Exercise goal —
Using only the entries below, copy exactly the lines that begin at the one with "A stack of three" and end at the one with "Hafif tuzlu ringa", both included. Drop the pictures.

Source material —
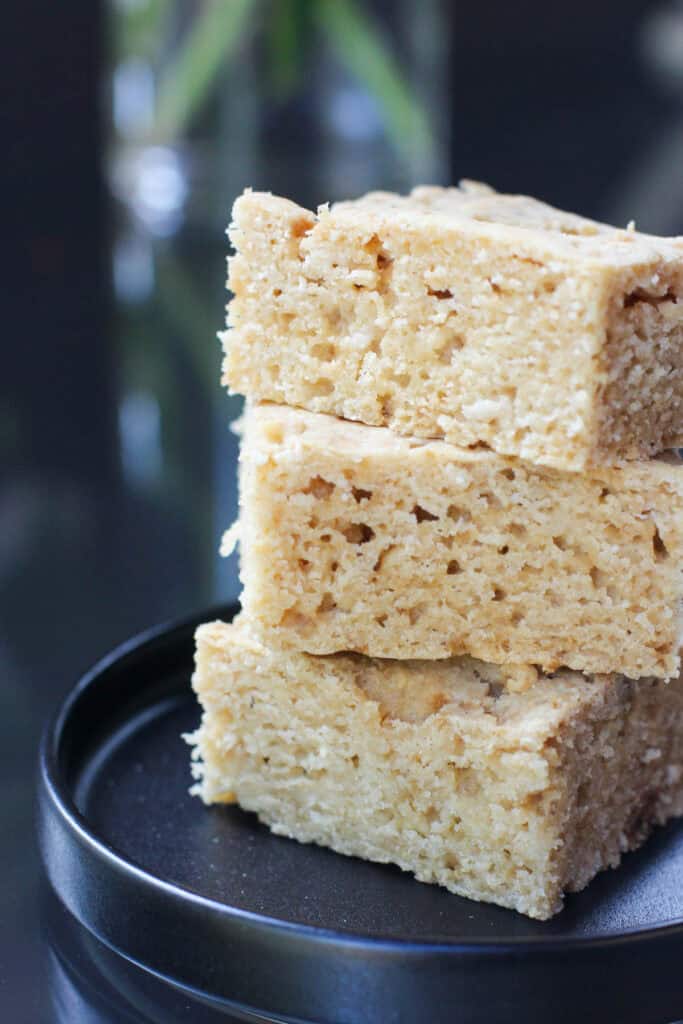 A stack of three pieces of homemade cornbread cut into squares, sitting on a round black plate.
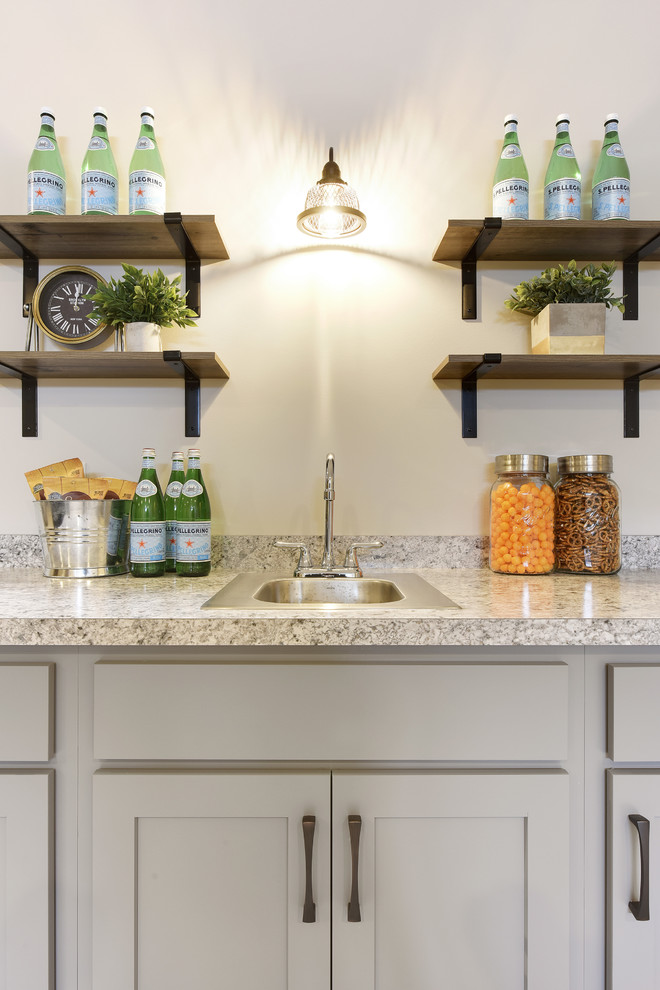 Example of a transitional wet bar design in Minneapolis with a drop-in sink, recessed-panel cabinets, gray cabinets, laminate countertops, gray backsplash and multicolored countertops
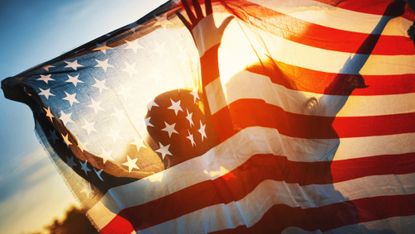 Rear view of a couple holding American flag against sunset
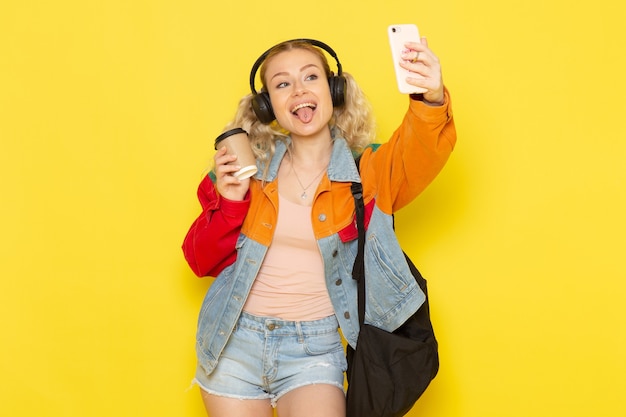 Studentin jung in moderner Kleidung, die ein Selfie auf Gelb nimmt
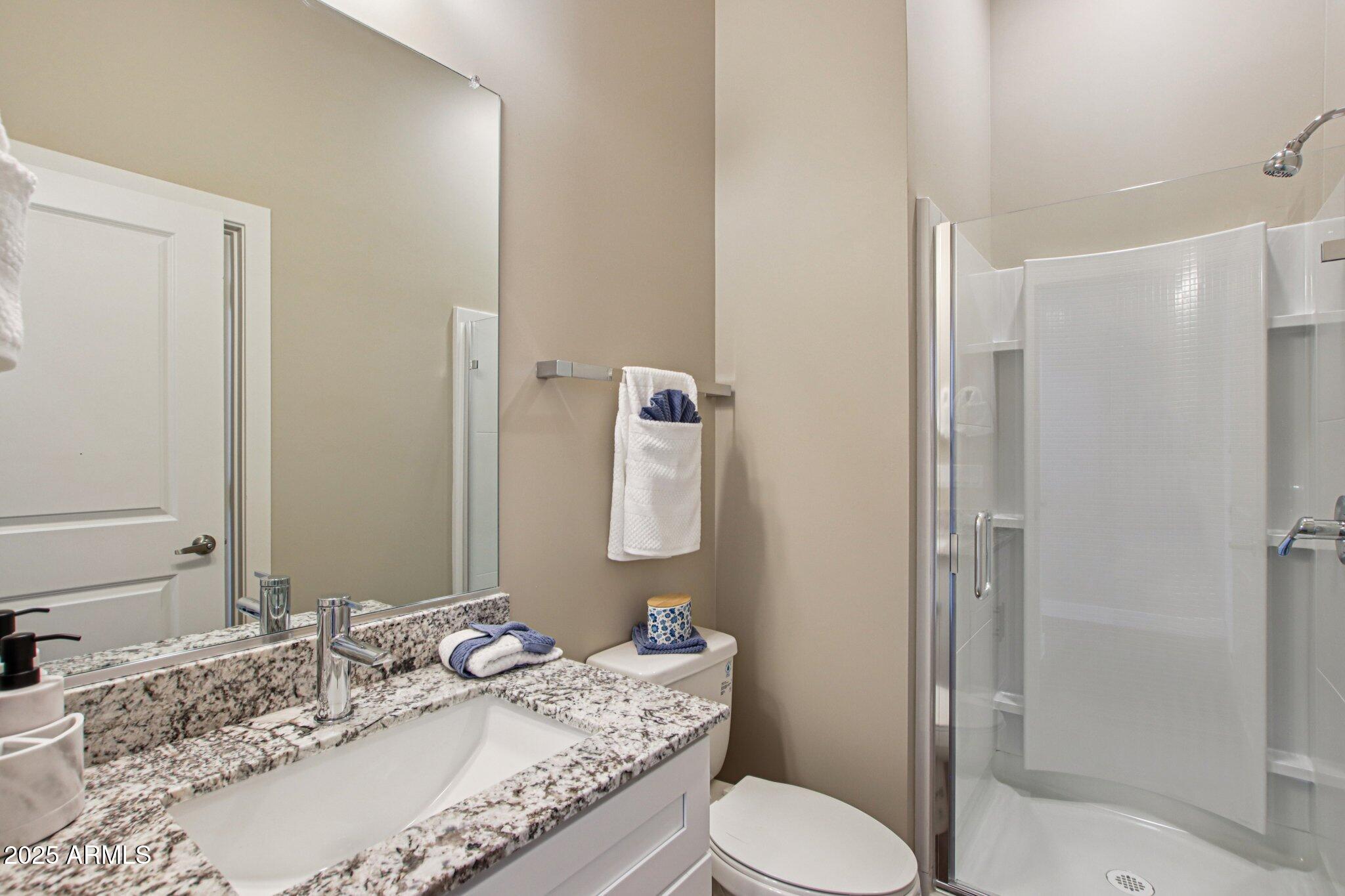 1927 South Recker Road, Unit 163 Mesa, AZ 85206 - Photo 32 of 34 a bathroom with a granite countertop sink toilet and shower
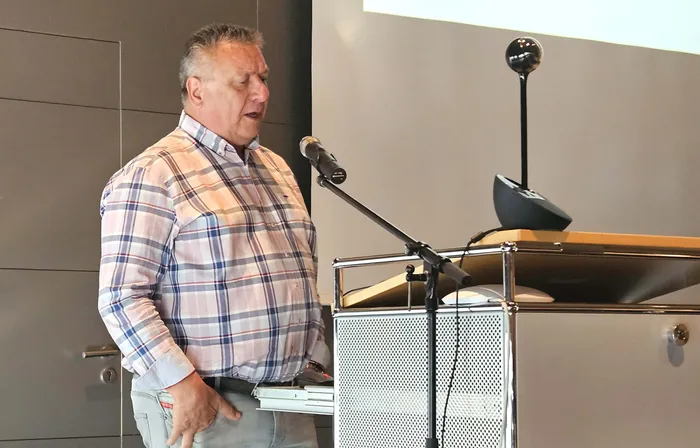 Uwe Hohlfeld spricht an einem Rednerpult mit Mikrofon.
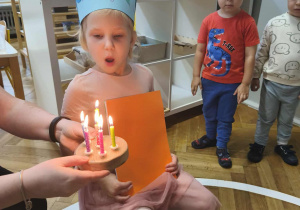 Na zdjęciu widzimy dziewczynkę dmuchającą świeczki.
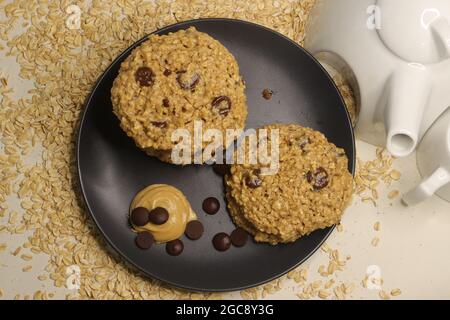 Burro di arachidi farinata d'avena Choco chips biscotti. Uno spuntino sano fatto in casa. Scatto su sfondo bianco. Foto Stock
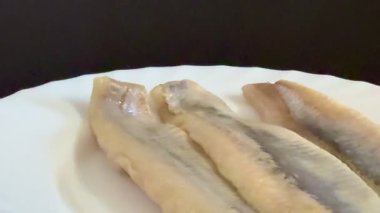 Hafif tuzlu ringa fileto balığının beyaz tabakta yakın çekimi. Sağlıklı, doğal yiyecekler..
--
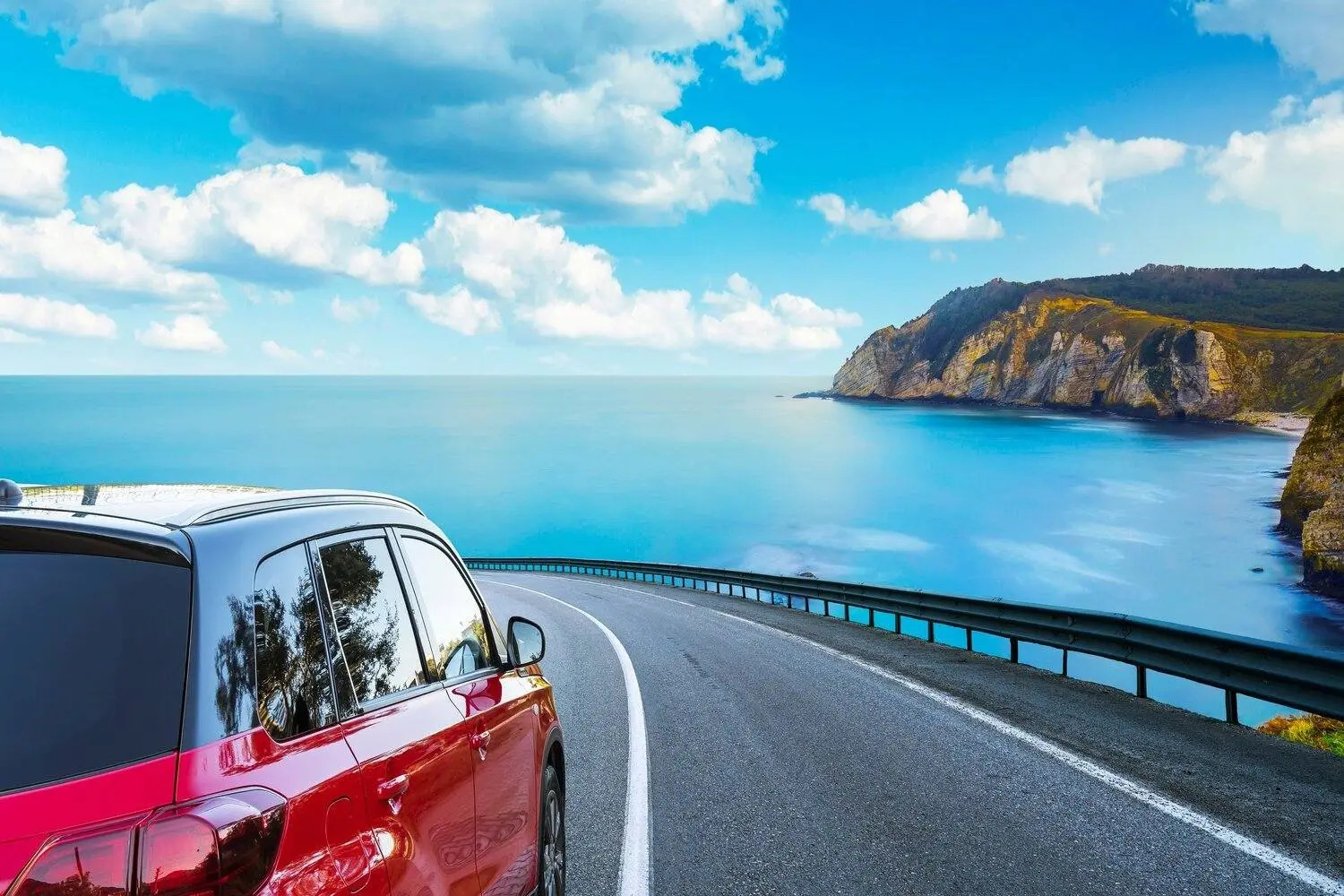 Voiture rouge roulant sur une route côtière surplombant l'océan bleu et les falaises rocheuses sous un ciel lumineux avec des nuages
* * *
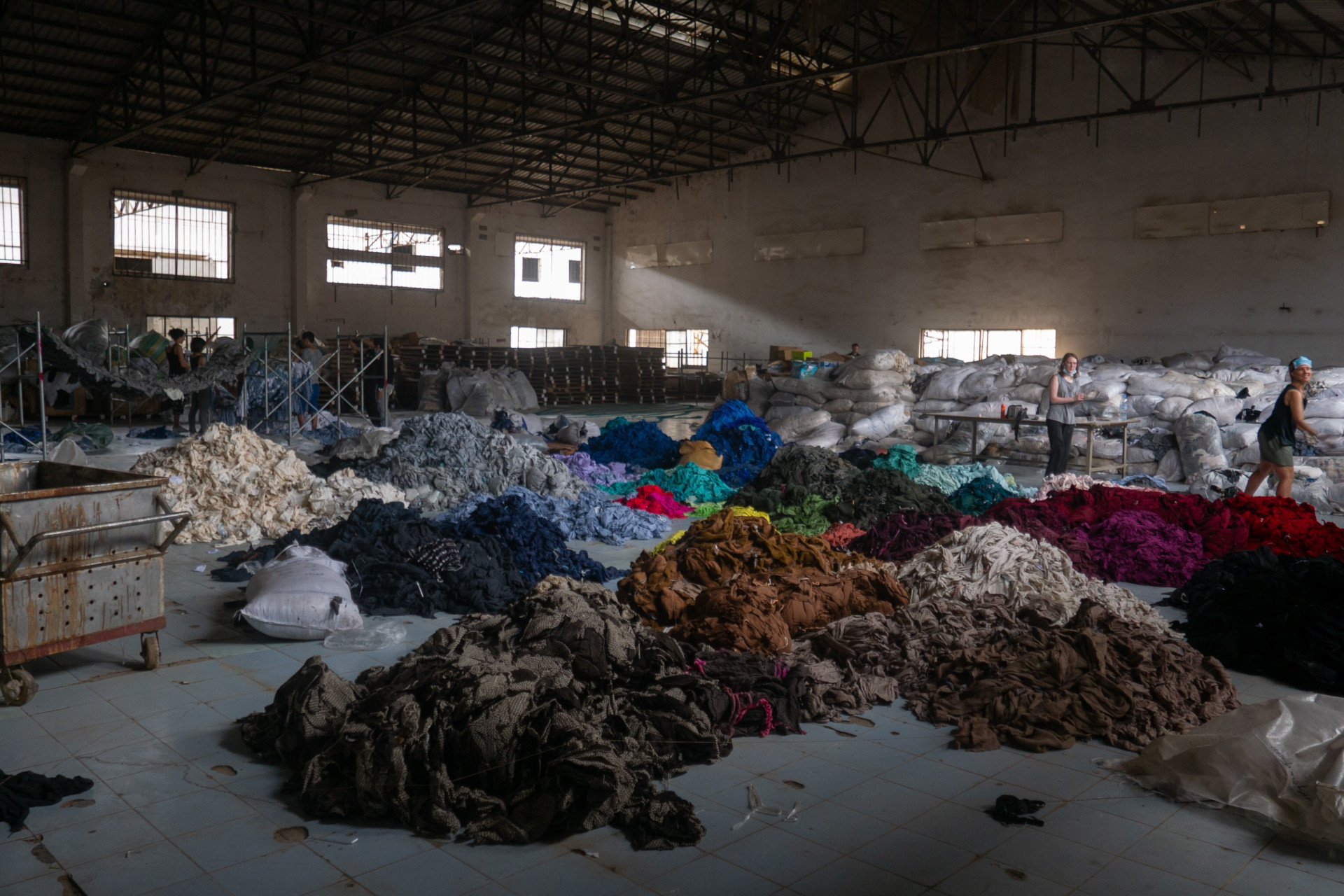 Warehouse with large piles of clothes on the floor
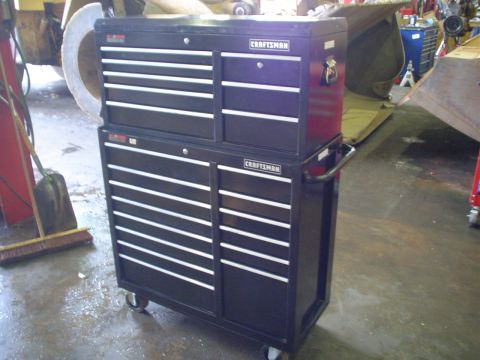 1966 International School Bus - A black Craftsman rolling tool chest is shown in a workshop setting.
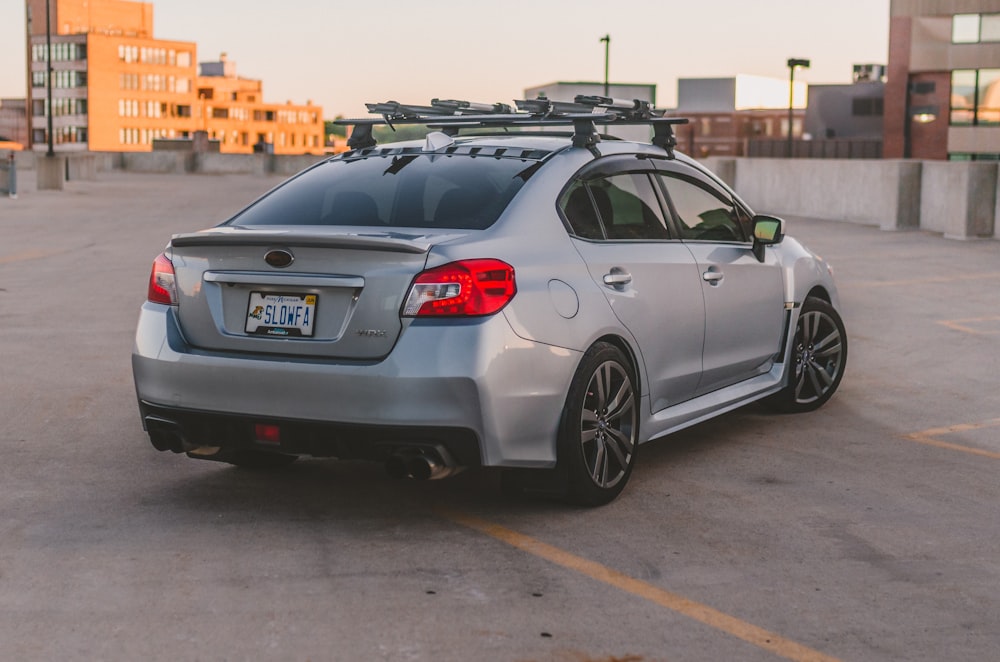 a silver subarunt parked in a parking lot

Solution —
 A stack of three pieces of homemade cornbread cut into squares, sitting on a round black plate.
 Example of a transitional wet bar design in Minneapolis with a drop-in sink, recessed-panel cabinets, gray cabinets, laminate countertops, gray backsplash and multicolored countertops
 Rear view of a couple holding American flag against sunset
 Studentin jung in moderner Kleidung, die ein Selfie auf Gelb nimmt
 1927 South Recker Road, Unit 163 Mesa, AZ 85206 - Photo 32 of 34 a bathroom with a granite countertop sink toilet and shower
 Uwe Hohlfeld spricht an einem Rednerpult mit Mikrofon.
 Na zdjęciu widzimy dziewczynkę dmuchającą świeczki.
 Burro di arachidi farinata d'avena Choco chips biscotti. Uno spuntino sano fatto in casa. Scatto su sfondo bianco. Foto Stock
 Hafif tuzlu ringa fileto balığının beyaz tabakta yakın çekimi. Sağlıklı, doğal yiyecekler..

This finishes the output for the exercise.